I hope that the Government will heed the warning that has been given not only by Mr Smith, the Minister of Agriculture in Victoria but also by Mr Day, the Minister for Agriculture in New South Wales and by its advisers in the Department of Primary Industry who are well aware of the problems that exist. I hope it also heeds the warning which could come from many of those people who, in the main, support this Government in office. I think that if the Government brings in this legislation it will rue the day. It is unfortunate that the Minister has made the announcement that he will introduce this legislation. In a telephone conversation I had with a person in Victoria late this evening- I think it was at about a quarter past ten- I was informed that negotiations were taking place between Parkwood Eggs and the Victorian Egg Board but as soon as the Minister made this announcement that he was to introduce legislation to protect Parkwood Eggs all negotiations failed. A solution could have been reached through conciliation- that is something that we have discussed here all day today- but the negotiations have now failed because Parkwood Eggs feels that this Government will protect it. The negotiations have broken down and we have to face the consequences.

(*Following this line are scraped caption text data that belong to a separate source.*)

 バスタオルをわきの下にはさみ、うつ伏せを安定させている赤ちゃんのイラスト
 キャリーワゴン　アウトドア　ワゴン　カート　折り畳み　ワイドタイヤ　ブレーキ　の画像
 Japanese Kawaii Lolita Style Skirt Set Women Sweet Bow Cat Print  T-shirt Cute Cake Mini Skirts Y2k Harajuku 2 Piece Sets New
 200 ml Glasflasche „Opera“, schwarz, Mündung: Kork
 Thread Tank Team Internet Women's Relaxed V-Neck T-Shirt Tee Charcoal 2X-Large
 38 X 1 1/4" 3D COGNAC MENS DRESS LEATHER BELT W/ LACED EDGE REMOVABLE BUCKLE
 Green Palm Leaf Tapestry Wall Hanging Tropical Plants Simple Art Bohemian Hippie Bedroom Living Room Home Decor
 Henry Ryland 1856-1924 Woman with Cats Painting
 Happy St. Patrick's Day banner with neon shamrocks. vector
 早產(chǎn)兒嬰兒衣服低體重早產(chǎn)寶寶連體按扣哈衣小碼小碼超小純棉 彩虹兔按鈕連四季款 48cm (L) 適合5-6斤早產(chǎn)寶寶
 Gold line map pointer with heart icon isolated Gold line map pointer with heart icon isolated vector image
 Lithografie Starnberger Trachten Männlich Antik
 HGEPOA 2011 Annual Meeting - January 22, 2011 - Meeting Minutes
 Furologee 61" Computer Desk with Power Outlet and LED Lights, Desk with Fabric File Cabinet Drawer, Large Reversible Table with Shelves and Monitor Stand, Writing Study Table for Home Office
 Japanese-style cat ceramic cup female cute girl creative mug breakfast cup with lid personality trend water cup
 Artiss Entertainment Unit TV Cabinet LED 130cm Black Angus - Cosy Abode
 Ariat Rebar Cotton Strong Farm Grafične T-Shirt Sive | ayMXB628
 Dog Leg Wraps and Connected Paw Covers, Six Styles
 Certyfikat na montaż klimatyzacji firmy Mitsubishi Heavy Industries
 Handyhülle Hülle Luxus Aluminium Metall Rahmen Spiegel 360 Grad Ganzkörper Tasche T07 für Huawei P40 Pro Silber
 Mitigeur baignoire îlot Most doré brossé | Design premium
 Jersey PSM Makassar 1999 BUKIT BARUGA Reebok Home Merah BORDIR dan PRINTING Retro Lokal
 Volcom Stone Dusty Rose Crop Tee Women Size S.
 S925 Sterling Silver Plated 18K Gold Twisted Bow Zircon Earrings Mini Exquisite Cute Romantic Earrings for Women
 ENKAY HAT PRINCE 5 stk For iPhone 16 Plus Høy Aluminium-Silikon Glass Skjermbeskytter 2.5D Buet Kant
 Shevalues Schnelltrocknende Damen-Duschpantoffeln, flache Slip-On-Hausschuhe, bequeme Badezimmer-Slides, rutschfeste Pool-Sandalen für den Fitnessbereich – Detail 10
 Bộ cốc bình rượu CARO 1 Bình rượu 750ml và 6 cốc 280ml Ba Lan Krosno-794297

– Because of the comments of Senator McLaren I feel compelled to say something about the important subject of the egg industry in the Australian Capital Territory. While I acknowledge Senator McLaren’s expertise with respect to chickens and eggs- even if we are unsure which came first- I hope he will acknowledge my legitimate concern with events in my electorate. I must express some surprise at much of what Senator McLaren said. Locally, the Australian Labor Party is adopting a quite bipartisan position on this matter. In fact, in many instances it has taken the initiative in attempting to protect a local industry. These people, including, I believe, Senator McLaren’s Labor Party colleagues Senator Ryan and Mr Fry from the House of Representatives, are not acting in ignorance. I understand that Mr Fry directly and through his family was involved in the poultry industry. I think he knows that industry. I think that the people in the Territory who have taken an interest in this matter have looked into it carefully and are not acting simply out of parochial motives. It seems that, despite that bipartisan approach in the Territory, Senator McLaren wants this industry in the Australian Capital Territory destroyed. This is despite the fact that it is widely acknowledged as the most efficient of its kind in Australia. He wants it destroyed despite the fact that the Australian Capital Territory egg industry, which has more than one producer, although the others are small producers, has consistently produced eggs at the lowest possible prices in Australia for some time and despite the fact that the industry provides some 60 or 70 jobs in the Territory. It seems from what Senator McLaren has said that, firstly, he is completely out of tune with his Labor Party colleagues- I hope he is- and that, secondly, he would destroy this industry in the Territory or would stand by and see it destroyed by others.
– I did not say that.
– I am sorry. The honourable senator may not have said that directly, but he might as well have because he clearly implied, in everything he said, that he would be quite happy to see the egg industry in the Australian Capital Territory destroyed. Whatever reservations I might have about artificial marketing arrangements, it has been accepted to ensure orderly production and marketing arrangements in the egg industry for a number of years. One of the difficulties that the Australian Capital Territory faces is that it is not properly represented on the organisations that have been established to ensure the orderly production and marketing of eggs in Australia- for example, the Council of Egg Marketing Authorities of Australia. It is my view that if the Australian Capital Territory had proper representation on the Council of Egg Marketing Authorities of Australia and if some States gave the Territory and one of its industries a fair go- for example, if they would act with restraint between one another and with reasonthen none of this would have happened.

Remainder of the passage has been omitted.